The Soviet Union long dismissed reports of unidentified flying objects as mere flights of Western fancy, and the party newspaper Pravda on one occasion derided them as "fairy tales." Pravda will have to change its mind: the Kremlin itself has now decided to keep a closer eye out for flying saucers. After a flurry of UFO sightings in recent weeks, many of them by presumably reliable Aeroflot and military pilots, the Soviet Union has named a team of 18 scientists and air force officers, backed by 1,000 field observers, to study the phenomenon in the Red skies.

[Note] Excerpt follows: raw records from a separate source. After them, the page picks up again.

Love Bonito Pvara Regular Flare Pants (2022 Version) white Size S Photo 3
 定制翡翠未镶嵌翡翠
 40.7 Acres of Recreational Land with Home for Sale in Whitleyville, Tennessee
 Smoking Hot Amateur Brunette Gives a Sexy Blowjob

Appropriately enough, the Communist UFOs tend to sickle shapes rather than full saucers. Moscow Aviation Institute's Professor Fedor Y. Zigel, who is plugging for a joint UFO investigation by Soviet, U.S. and other scientists, says that one flaming "sickle" over the Ukraine even executed evasive maneuvers when tracked by a plane. Zigel tantalized Moscow TV viewers two weeks ago by raising the possibility that, while such observations could be due to optical illusions or mischievous atmospherics, they might also mean visitors from another world.
Once their existence was officially acknowledged by Moscow, UFOs began popping up all over the East bloc. The Bulgarians have reported "a huge, shining body" over Sofia, the Czechs have seen flat, multicolored disks spinning over Bratislava, and Poland's Institute of Hydrology and Meteorology has ordered a watch on all "mysterious space vehicles." UFOs have been particularly ubiquitous in Yugoslavia, whose press has gleefully recounted a Montenegrin shepherd's report of a whistling, skyscraper-high UFO, told of UFOs streaking over the Istrian port of Koper, and detailed Truck Driver Milika Scepanović's brush with two saucers on the Kovina-Ivangrad road last week.

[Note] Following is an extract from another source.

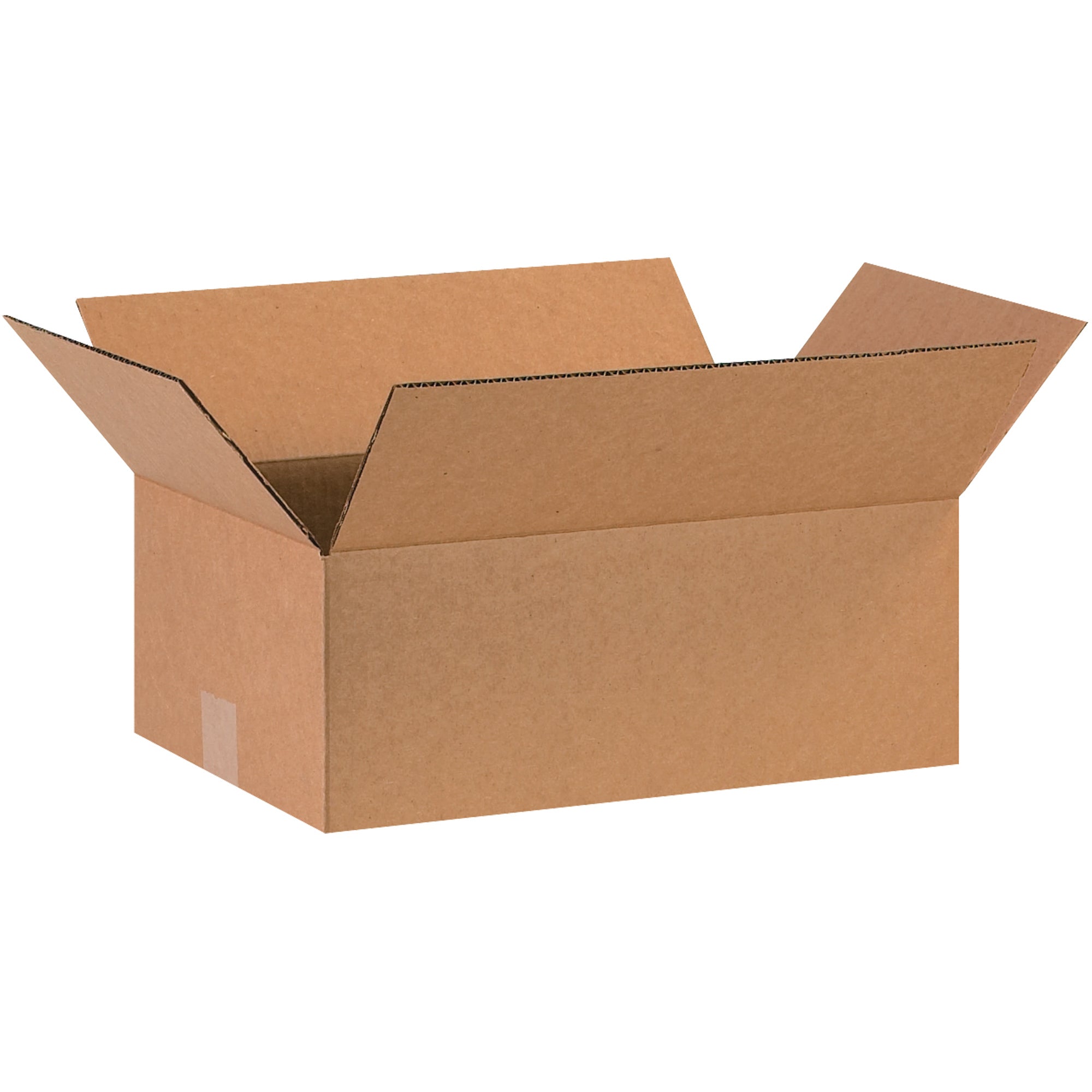 16 x 10 x 6" Corrugated Boxes (16106) Bundle Of 25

As in the West, there are skeptics. Some Soviet scientists consider Professor Zigel to be something of a showman. Yugoslav Astronomer Tatomir Anzelić, in a revealing comment about contemporary Eastern European life, says: "So many people are taking drugs, it's no wonder they are prepared to believe that the Martians are coming." The Poles, who have had an abundance of UFOs but a shortage of meat, are whimsical; they are saying that it is really too bad that the flying platters are as empty as those on earth.